**Prompt:**
In the listing that follows, give every line again exactly and omit the pictures.

**Material provided:**
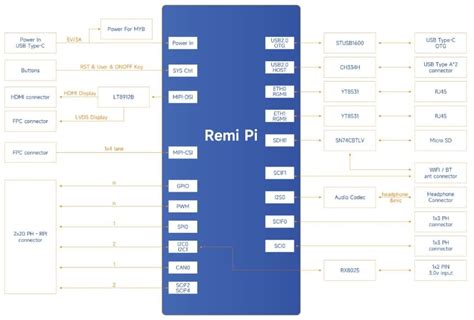 Remi Pi Development Board - MYIR | Mouser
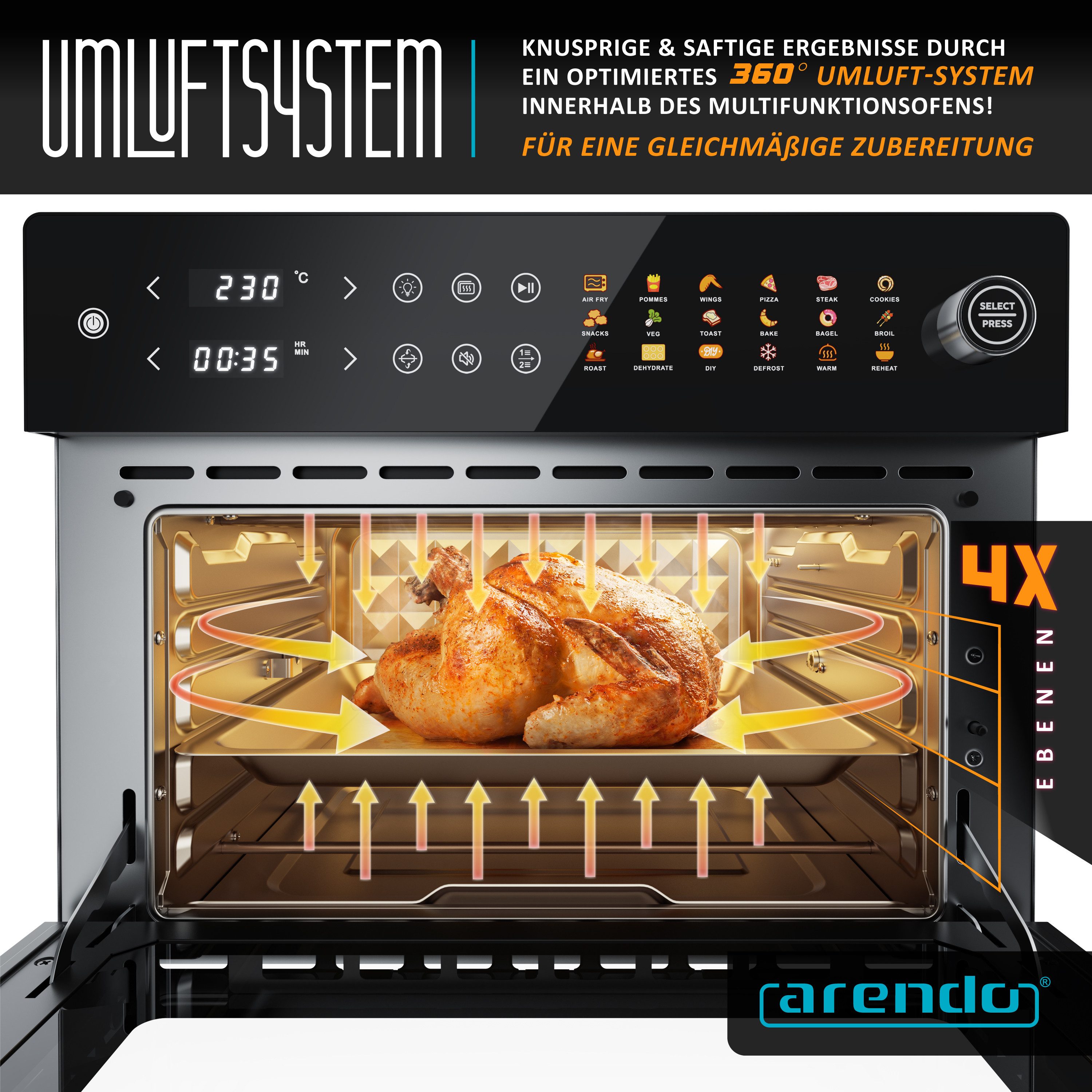 Arendo Minibackofen Airfryer 30L Edelstahl mit Umluft, XXL Heißluftfritteuse 1800W, mini Backofen Dörrgerät + Zubehör, Drehspieß, rotierender Frittierkorb – Bild 4 von 5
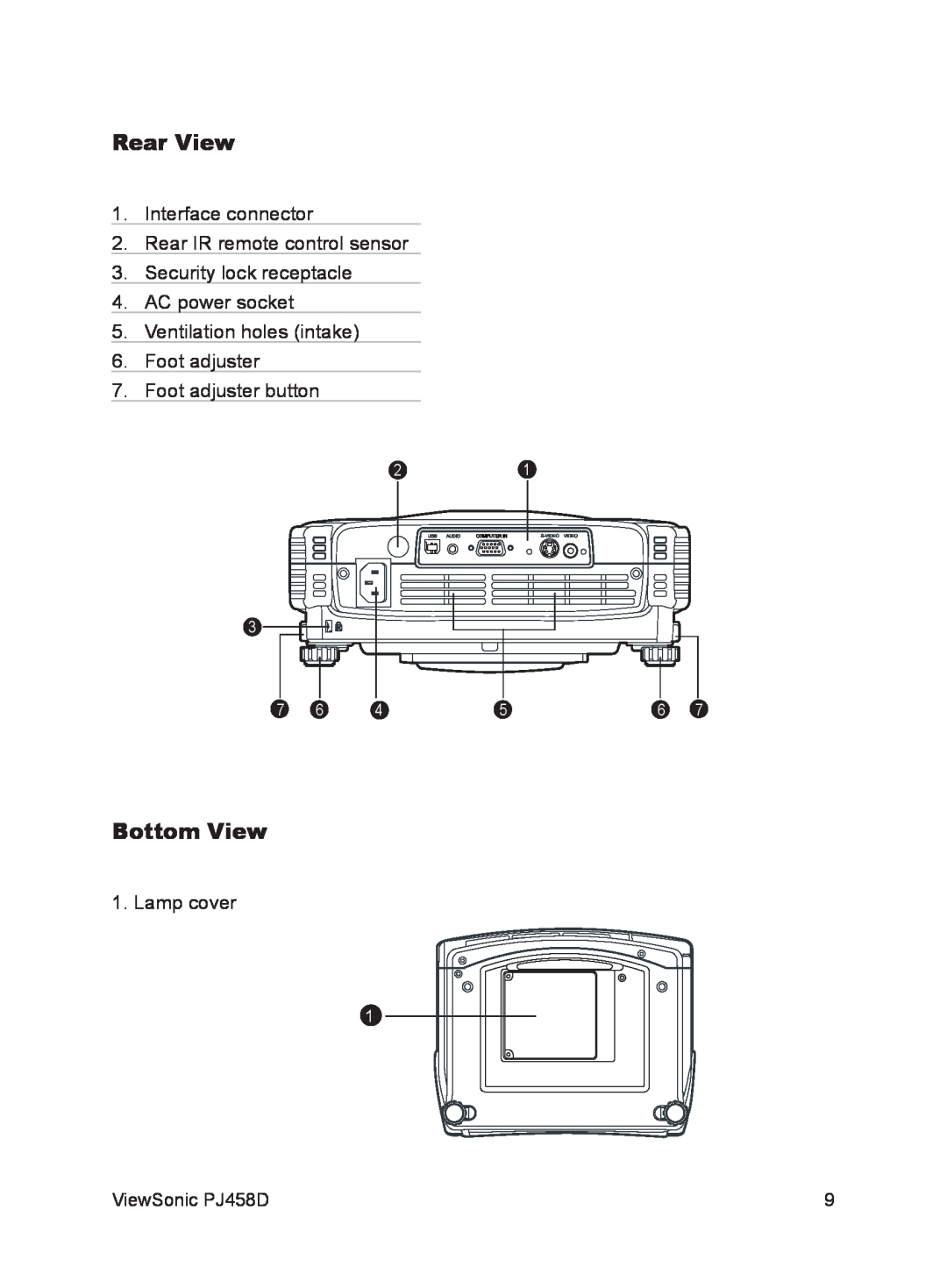 ViewSonic VS10872 manual Rear View, Bottom View,    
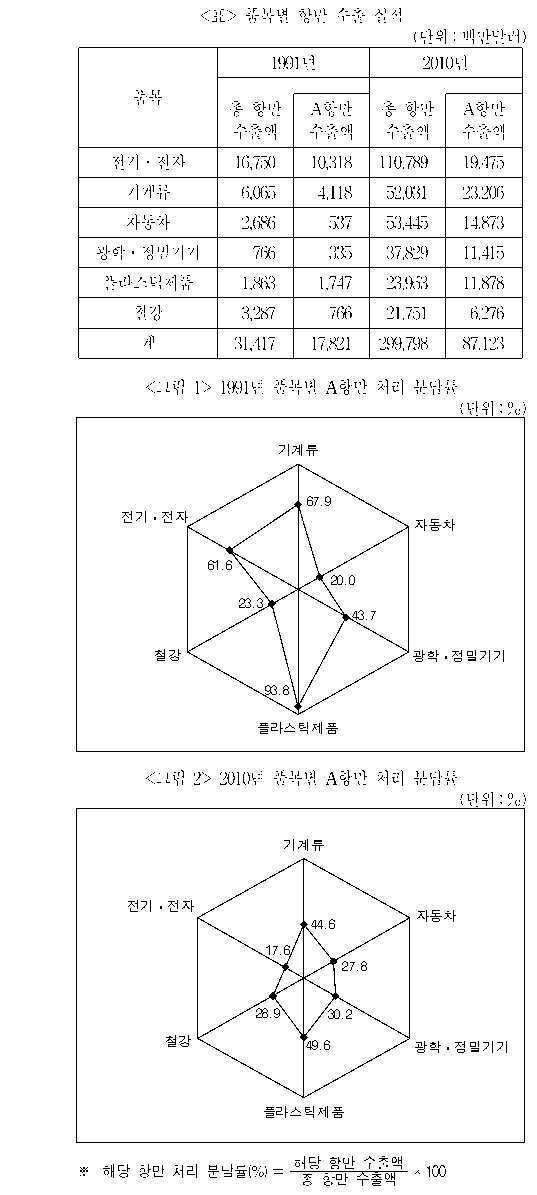 문제 자료 원문 이미지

**Answer to the problem:**
 Remi Pi Development Board - MYIR | Mouser
 Arendo Minibackofen Airfryer 30L Edelstahl mit Umluft, XXL Heißluftfritteuse 1800W, mini Backofen Dörrgerät + Zubehör, Drehspieß, rotierender Frittierkorb – Bild 4 von 5
 ViewSonic VS10872 manual Rear View, Bottom View,    
 문제 자료 원문 이미지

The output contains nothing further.